No vocal group has ever had or is ever likely to have two lead vocalists any better than the Temptations of 1964-68. Most of their leads went to David Ruffin -- he's the one beaming, pleading and sobbing on "My Girl", "Ain't Too Proud To Beg", and "I Wish It Would Rain". Ruffin sang in a deep, potent and gospel-inspired tenor that was pure gorgeous grit, in both the rough-hewn and nervy senses of the word. By contrast, second lead Eddie Kendricks delivered "The Way You Do The Things You Do" and "Get Ready" in a falsetto elegant and honey sweet.
The widespread appeal of his falsetto-driven "Just My Imagination" -- a veritable gold standard of sweet vulnerability and a pop and R&B #1 -- convinced Kendricks to leave the Temps for a solo career in 1971. Keep On Truckin' collects four of Kendricks' early solo albums, including his debut, All By Myself. Standout tracks include the dramatic, lonely ramblings of "This Used To Be The House Of Johnnie Mae" (a rare instance of Kendricks singing in his natural register) and the luminescent funk-pop of "Something's Burning".

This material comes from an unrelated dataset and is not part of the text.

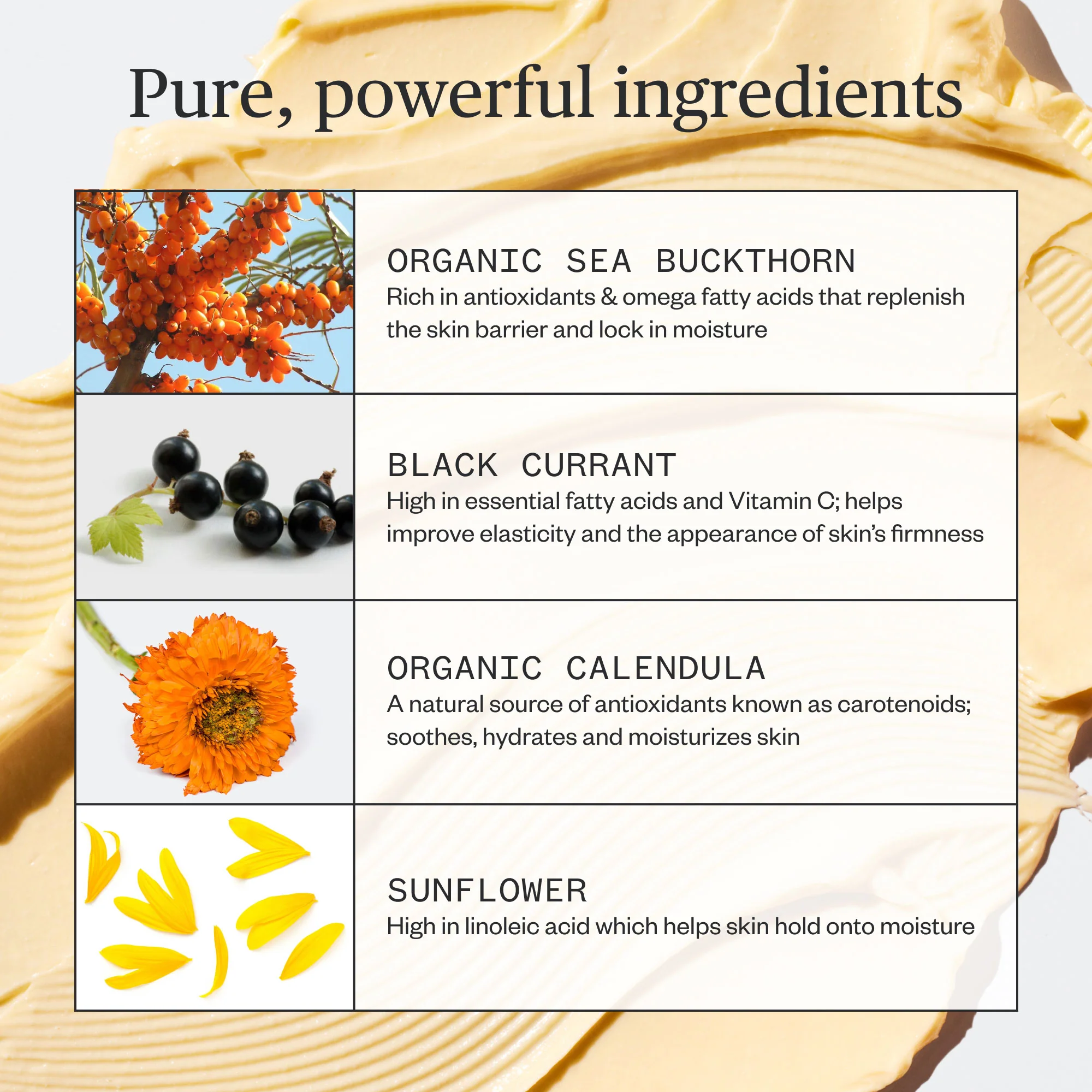 Golden Hour Recovery Cream - Image 19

The latter cut revealed where Kendricks was headed, though he remained a peerless interpreter of ballads. On 1974's For You, he discovered previously unexpected depths in a pair of Bread wimp-pop classics, "Diary" and "If". But it was the dance floor that more and more called his name. Indeed, Kendricks is a key figure in the transition from danceable soul to straight-up disco. Historian Peter Shapiro argues that Kendrick's minor hit single "Girl You Need A Change Of Mind" from 1973's People...Hold On is the record "that may very well be the foundation of the disco sound," thanks to its unstoppable groove, extended length, subtle builds and sudden breakdowns.
The following year's self-titled album expanded the theme with the clarion "Keep On Truckin'", a pop and R&B chart-topper that took proto-disco to the masses. The album version ebbs and flows for eight glorious minutes. At one point deep in the cut, assisted by nothing but a tambourine and a pair of bongos, Kendricks lightly but forcefully repeats his title imperative until it becomes much more than a call to dance. It means: flow, be, live.
Kendricks was an excellent singer. David Ruffin was a great one. The son of a preacher man, Ruffin and his gospel rasp left the Temptations in 1968. Yet his post-Temps career never paid off with the crossover success that Kendricks later achieved. Ruffin was hindered by his own erratic behavior, and by bad timing. His solo career roughly coincides with those years when Motown head Berry Gordy was focused elsewhere -- breaking the Jackson 5, transplanting the company from Detroit to California, making movies with Diana Ross.
The aptly titled The Great David Ruffin collects the irascible soul shouter's first four solo albums, a quartet that compares favorably with any music being made at the time. Indeed, at least one of them is a stone masterpiece. My Whole World Ended, his debut, begins with Ruffin bellowing his loss amid the taunting flute, swirling strings and heart-swelling melody of the title track: "'I can't see you no more' is all that you said...but you just might as well've placed a gun to my head." Then he moans, terribly: "Oh! Why didn't you do it?"
Ruffin's vocals thrill with desperate majesty like King Lear raging on the heath, or Willy Loman dreaming his dreams accompanied by strings and funk rhythms, or a minister preaching his congregation to a frenzy of promised relief. Ruffin is today largely "The Forgotten Man" he sang of on 1969's Feelin' Good, but he continued to produce fine work. On Me 'N Rock 'N Roll Are Here To Stay, from 1974, for instance, he quakes to recall the torturous moment his wife revealed that "I Saw You When You Met Her". On the albums collected here, Ruffin always conveys the highest levels of emotional presence imaginable from someone who is, after all, only singing stories, not actually experiencing those events then and there.
Ruffin's melismas aren't today's brittle, caricatured curlicues of emotion, but harsh and tender statements of what it feels like to be a Common Man, a Working Man, a Mortal Man. He punctuates these with grunts, laughs, gasps and screams that crack suddenly into falsettos, startling and subtle at once.
"I've lost everything I've ever loved," he admits at one point. But on every track, Ruffin is keenly aware that, like each of us, he's going to lose it all someday, and his best sides help us remember that these are the stakes of any life. Ruffin died in 1991, only 50, but listen to these discs, and he sounds as necessary as you and me, overcome by each moment's pleasure or woe. He is demanding nothing less than that attention be paid.